Publicado: 14 junio, 2016
Educación

Esta semana la Agencia de Calidad de la Educación nos informó que la epidemia se sigue extendiendo: nuestros niños, niñas y jóvenes no entienden lo que leen. Se trata de una enfermedad con un grave efecto: si un niño o joven no entiende lo que lee, sus oportunidades en la vida se ven seriamente limitadas, dejándolo excluido del desarrollo de la sociedad.

Es urgente que los directores escolares se enfoquen en lo pedagógico, que nuestros docentes adquieran nuevas herramientas para abordar esta problemática y promover una cultura de una cultura de formación más integral.

Es clave avanzar en la creación de instituciones y leyes que fortalezcan la Educación, pero al mismo tiempo, es urgente que nos hagamos cargo de la realidad que hoy viven nuestros niños, niñas y jóvenes en las aulas.
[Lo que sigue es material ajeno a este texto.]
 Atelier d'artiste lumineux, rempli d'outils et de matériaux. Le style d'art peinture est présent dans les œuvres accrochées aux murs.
Se trata de generaciones con un descontento brutal con la escuela, con una alta digitalización de sus vidas y que además requieren desarrollar habilidades críticas como saber leer, escribir, pero también saber hacer preguntas, poder relacionar ideas y desarrollar la curiosidad.
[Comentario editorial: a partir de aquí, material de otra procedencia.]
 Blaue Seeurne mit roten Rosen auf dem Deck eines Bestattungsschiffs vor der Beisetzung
Es urgente que los directores escolares se enfoquen en lo pedagógico, que nuestros docentes adquieran nuevas herramientas para abordar esta problemática y promover una cultura de una cultura de formación más integral, que donde el fin no es el SIMCE, sino que los niños cultiven habilidades que les permitan desarrollarse en un mundo en cambio constante.
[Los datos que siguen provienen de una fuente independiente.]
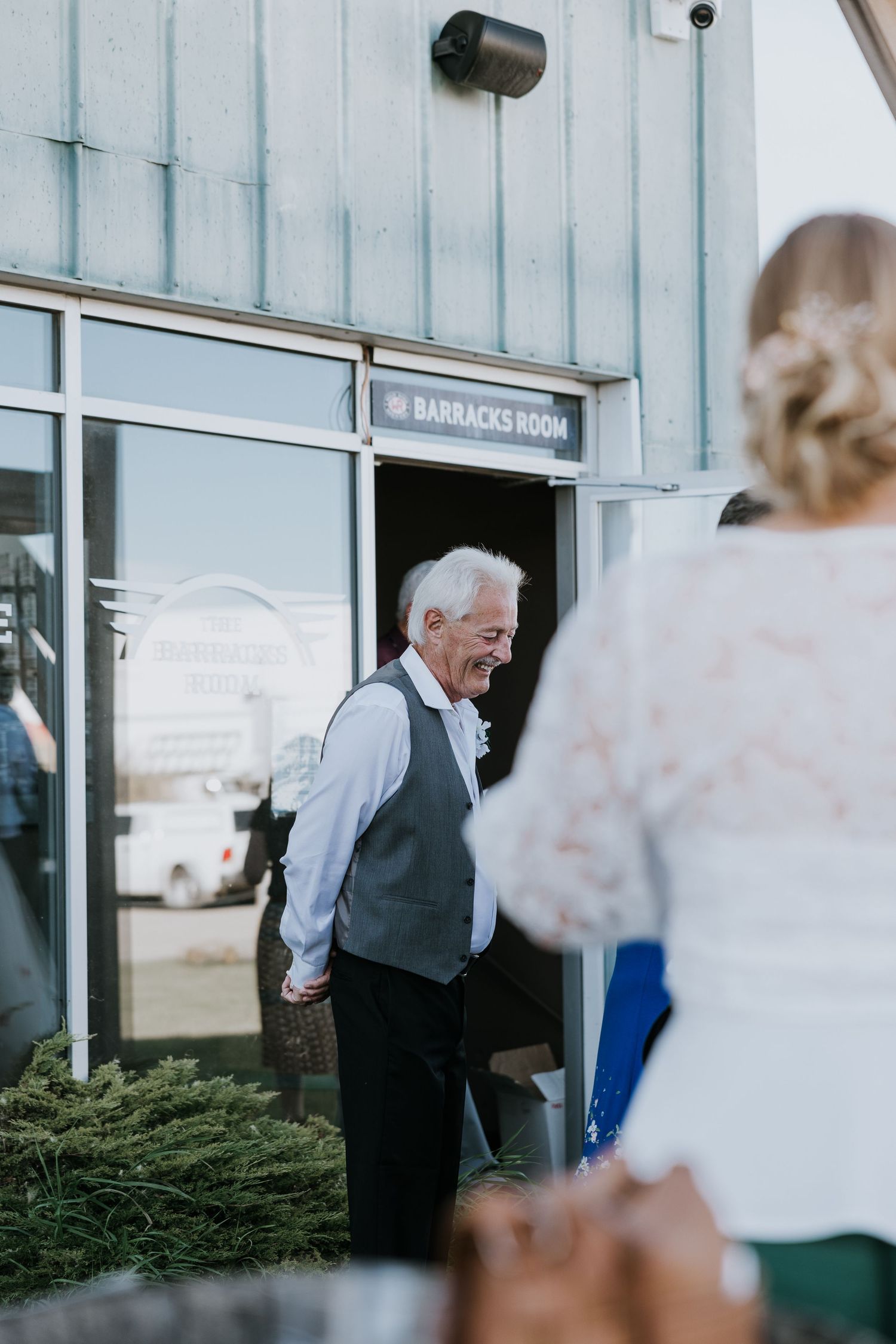 Candid documentary-style wedding photography in Banff and Calgary capturing genuine, unscripted moments with a soft western touch against mo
Una aproximación innovadora ha sido la de la escuela rural San Francisco de Cunco Chico en Araucanía, cuyo modelo pedagógico apoyamos junto a Fundación Colunga. Con una estrategia integral, que incluyó el perfeccionamiento continuo de sus docentes y el desarrollo del proyecto de vida de los estudiantes, este establecimiento pasó de ser la escuela con peores resultados de todo Chile en SIMCE en 2007 a estar hoy por sobre la media nacional de los resultados.

Otro caso es el Colegio Técnico Nocedal de La Pintana que implementó una metodología propuesta por Fundación Chile, para mejorar el aprendizaje de las matemáticas a través de cultivos agrícolas. Ambas experiencias enfrentan la urgencia de los aprendizajes, junto con el desarrollo de habilidades para desarrollarse plenamente en la sociedad del siglo XXI.

Si alguno de nosotros constatáramos que nuestros hijos de 2° medio no saben leer satisfactoriamente, nos moveríamos con urgencia. Es imperativo que tomemos acciones desde ahora.